■ Assignment: Each entry below must be given again word for word, with no pictures.

--- Supplied information Enclosed Below ---

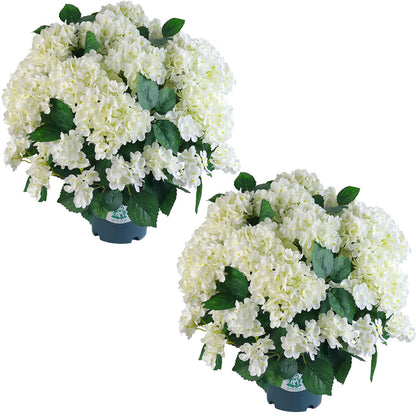 🔥Last Day 70% OFF🔥Artificial Outdoor Hydrangea Flowers - UV resistant, Waterproof, Windproof V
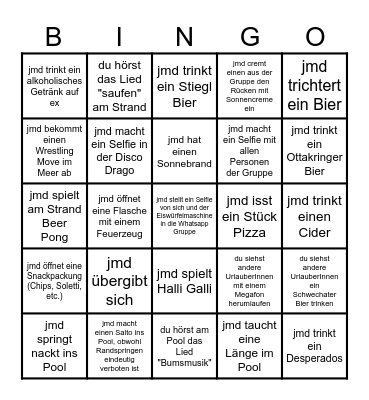 LIGI BINGO 2024 Bingo Card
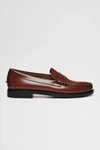Sebago Classic Dan Waxed Leather Loafers In Brown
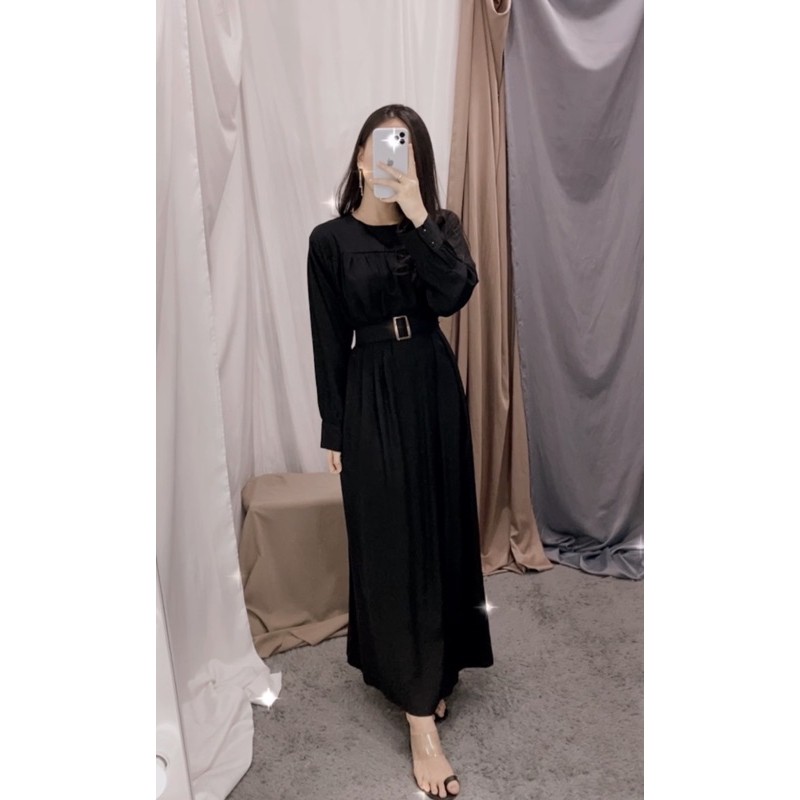 Yunita Dress || Dress Lebaran || Dress Hijab Polos Rayoon Premium || Vaeesan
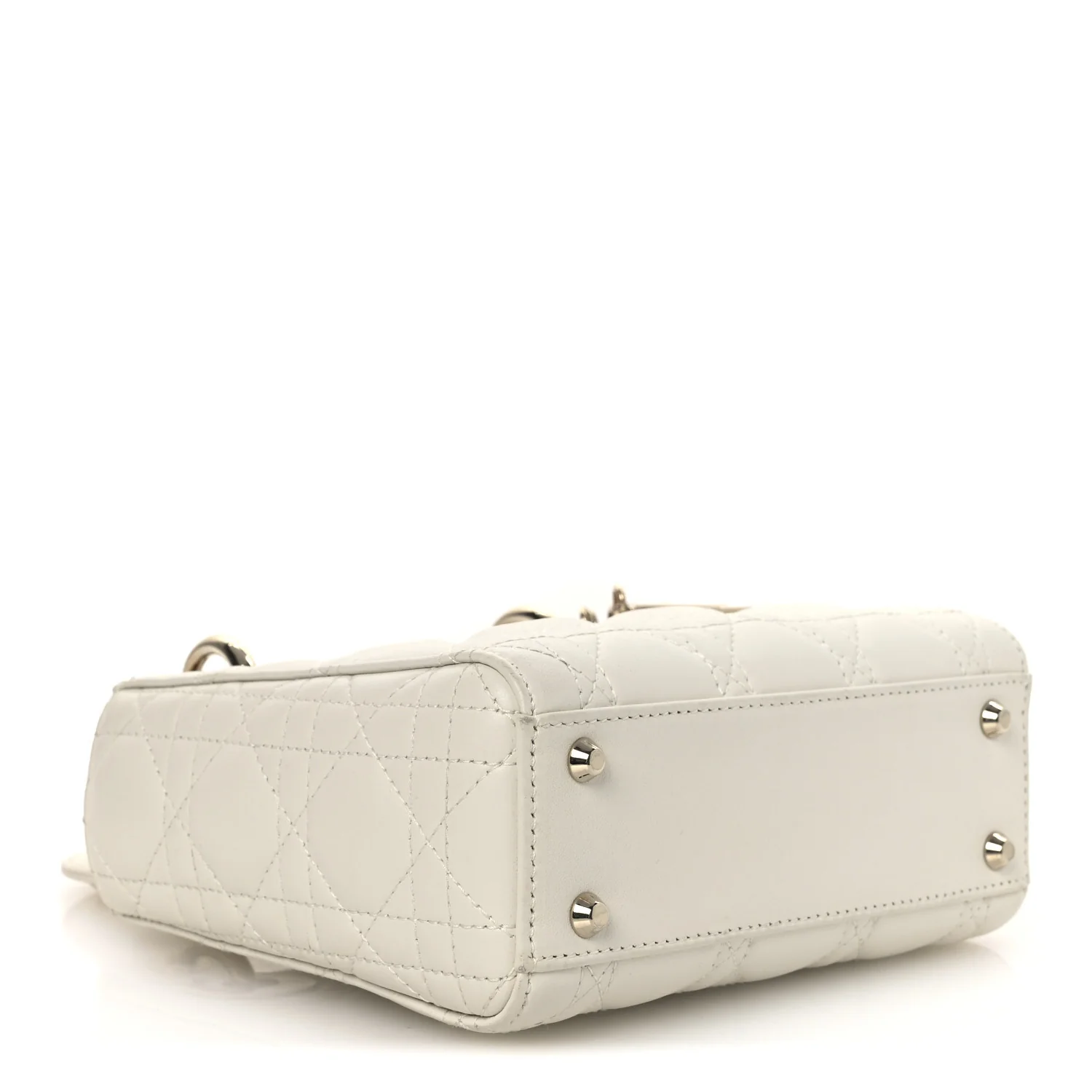 Lambskin Cannage Mini Lady Dior White - Top Club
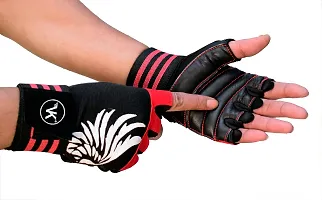 VK Fashions Gym Gloves for Men with Wrist Support Accessories, Gym Gloves for Women for Weightlifting, Gloves for Gym Workout for Training, Exercise, Cycling Gloves, Bike Sports Gloves-thumb3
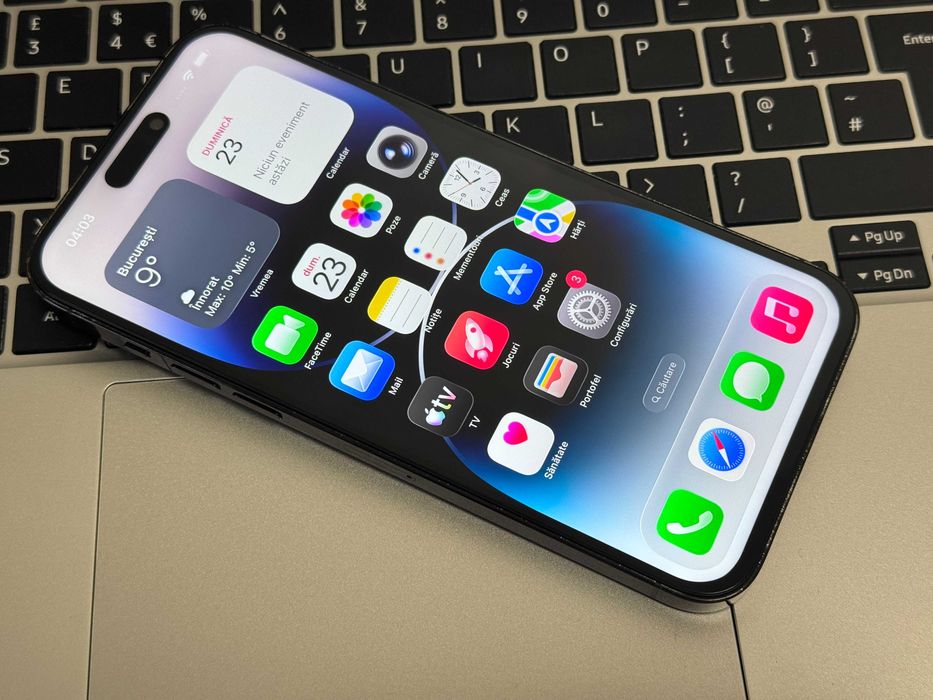 iPhone 14 Pro Max, Space Black, 128Gb |Acceptam Schimburi| Cod - G648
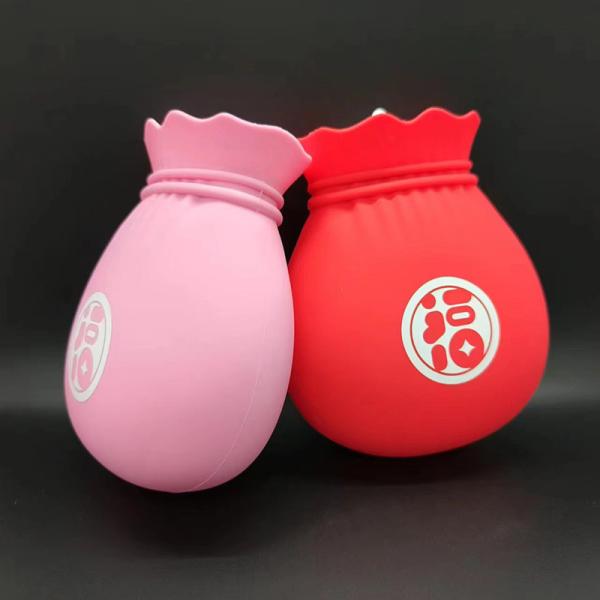 Mini Hot Water Bottle With Knitted Cover Silicone Hot Water Bag For Stomach Pain Relief Menstrual Cramps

--- End of Enclosed Supplied information ---

■ Output:
 🔥Last Day 70% OFF🔥Artificial Outdoor Hydrangea Flowers - UV resistant, Waterproof, Windproof V
 LIGI BINGO 2024 Bingo Card
Sebago Classic Dan Waxed Leather Loafers In Brown
 Yunita Dress || Dress Lebaran || Dress Hijab Polos Rayoon Premium || Vaeesan
 Lambskin Cannage Mini Lady Dior White - Top Club
 VK Fashions Gym Gloves for Men with Wrist Support Accessories, Gym Gloves for Women for Weightlifting, Gloves for Gym Workout for Training, Exercise, Cycling Gloves, Bike Sports Gloves-thumb3
 iPhone 14 Pro Max, Space Black, 128Gb |Acceptam Schimburi| Cod - G648
 Mini Hot Water Bottle With Knitted Cover Silicone Hot Water Bag For Stomach Pain Relief Menstrual Cramps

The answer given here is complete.